# TLD 20,25 question



## mayday 57 (Nov 18, 2008)

I would like to start putting some tackle togather for trolling mainly for wahoo, dolphin, and some tuna. I plan to use 400 yards of 65# braid with 20yard top shot of 50 # mono for shock leader.

so I was comparing tld 25 to 20 and found the 25 will hold 980 yards of 65# a max drag 22lbs 

tld 20 will hold 745 yards of 65# and has max drag of 23 lbs , same retrieve for both.

If I am over looking anything or aformentioned line choice might not work or you like another reel ( in same general price ) thanks for any help.

Merry CHRISTmas !!


----------



## bombtosser (Oct 5, 2007)

i bought a four 25's and a 20 when i started learning to troll. the 20 was the first reel i got rid of and stepped up to a 50. if i had it to do again i would save my money and buy one 2speed tld 30 at a time. they are a great reel, and you would never have to worry about going bigger later on. if thats out of the question, buy the tld 25's you can't go wrong. i just spooled them with 30 lb suffix and got over 500 yards on them. That should be plenty on a small boat and it should give us a fighting chance in turning around and going after them. we usually troll in 400 feet or less. as far as tuna goes, you'll be able to catch blackfin, the yellowfin might be another issue.


----------



## Nat (Oct 10, 2007)

here's a link to a rebuild on both reels, you may be interested in

http://alantani.com/index.php?topic=36.0

He goes over the max drag setting after the rebuild


----------



## DreamWeaver21 (Oct 3, 2007)

We fish a mix of TLD 15s, 20s and 25s.

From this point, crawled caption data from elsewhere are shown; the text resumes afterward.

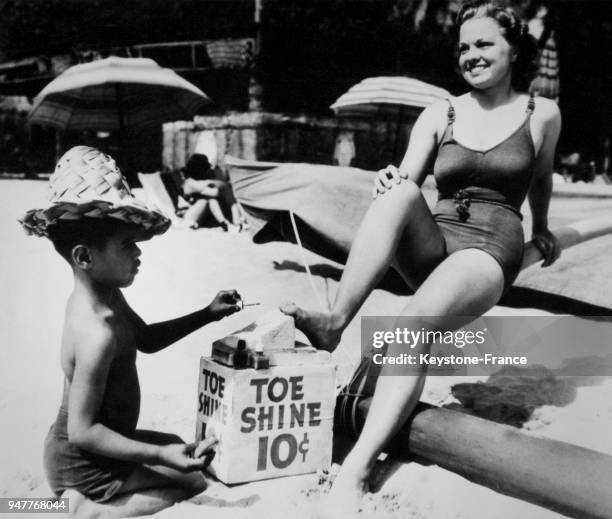 Ce petit garçon pose le vernis à ongle sur les orteils de cette jeune femme assise sur une plage.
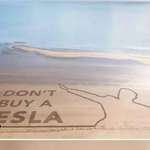 image for A 250m long "Don't buy a Tesla" message raked into sand on a Welsh beach using a Tesla car!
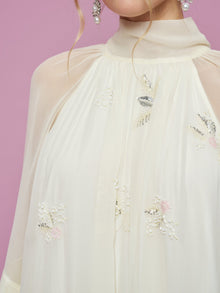 A person wearing the Embroidered High-Neck Silk Dress by Social Queen, styled with pearl earrings, set against a pink background.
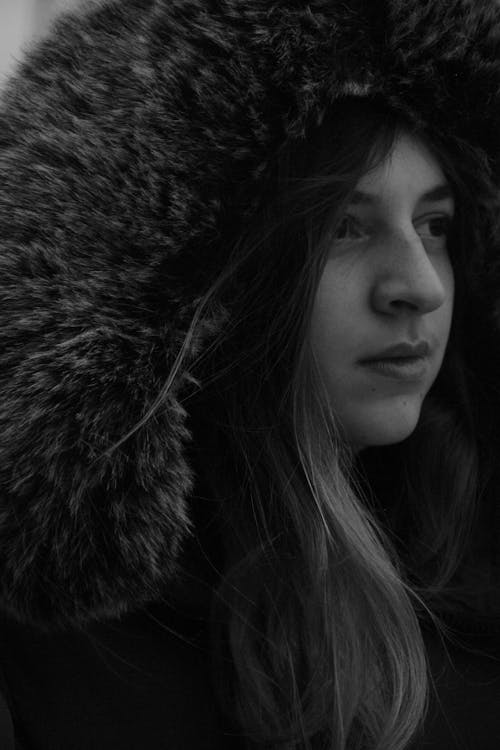 Grayscale Photo of Woman Wearing Fur Coat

Mostly bottom fishing though, I don't troll a lot. Still with braid on there, short of a blue marlin or a big yellowfin tuna, I think you can catch about anything that swims in the gulf on a 25 or even 20. This is assuming you get a strike and stop the boat clearing lines.

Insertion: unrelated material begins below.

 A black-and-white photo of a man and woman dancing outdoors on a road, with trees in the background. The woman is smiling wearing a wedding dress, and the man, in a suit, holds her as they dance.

I put enough 50lb mono on to fill the spool halfway or so and then 300yds of 65lb braid and then depending on what kind of fishing I am doing I may or may not put a top shot of 50lb mono on the line.

They are awsomereels. Except for a rinse after a trip, I really don't do anthing to mine.I just this year found out that for 35 bucks you can send them back to Shimano in CA and have them fix anything that breaks. I had one that after 5 years of use wouldn't go all the way into freespooland had a bent handle. Took a couple of weeks but it came back in great shape.I have to admit I got better results sending the reel off then havig it worked on locally.


----------



## bonita dan (Oct 3, 2007)

The tld25 will serve you well but personally I wouldn't tangle with a yellowfin with anything less than a 50wide. Also I wouldn't use braid for trolling,just spool it with a quality hi-vis mono like Mamoi diamond or the like. Other than that,slap them reels on a Star rod and your good to go and if ya upgrade to heavier stuff the tlds will be great for bottom bumpin.


----------



## LuckyLady (Oct 2, 2007)

Bonita Dan offers good advice!!


----------



## mayday 57 (Nov 18, 2008)

Thanks for everyones help so far, does it seem od to anyone else that tld 20 has higher drag preasure than the 25?


----------



## bonita dan (Oct 3, 2007)

Don't be fooled by reels boasting super high drag capability cause you'll never use it. A preset drag pressure of 7-8lbs will be more than enough for what ya plan on doing. Heck I've landed a couple 70lb.wahoo on just 4lbs of drag. Ain't that right Scott!


----------



## bombtosser (Oct 5, 2007)

the 20, and 25 are the same except for a larger spool capacity on the 25. Reading through the repair thread put up a few posts before, they can make more drag at the max setting. I agree with bonita dan though, you will rarely ever go past strike, as the reel makes more drag as the spool gets smaller. for the same price you get more capacity on the 25. have gone and held the reels in your hand? the 20 just felt too small to me.


----------



## mayday 57 (Nov 18, 2008)

dan you say you would not use braid to troll . what would be drawback to trolling braid , provided using a shock leader


----------



## Chris V (Oct 18, 2007)

Use a longer topshot than 20 yards. My TLD 25's have 450yards of 65lb power pro with 100 yards of 50lb on top. You need a little more shock built in plus having a longer topshot means if you break off a little you still have plenty left so you aren't reconnecting topshots every time. The drag washers in the 2 reels are the same so the drag is close enough to where I wouldn't let a pound or so of drag make up your mind on choosing which one. I usually don't use more than 12-15lbs of drag trolling anyway and it is enough drag to beat most of what you are likely to catch including blue marlin. With the braid backing however you can push the reel a little further and I've never had a second thought about using mine chunking or livebaiting yellowfin but be aware that the TLD's do not boast a lot of torque so expect a little bit longer fight with old yeller. 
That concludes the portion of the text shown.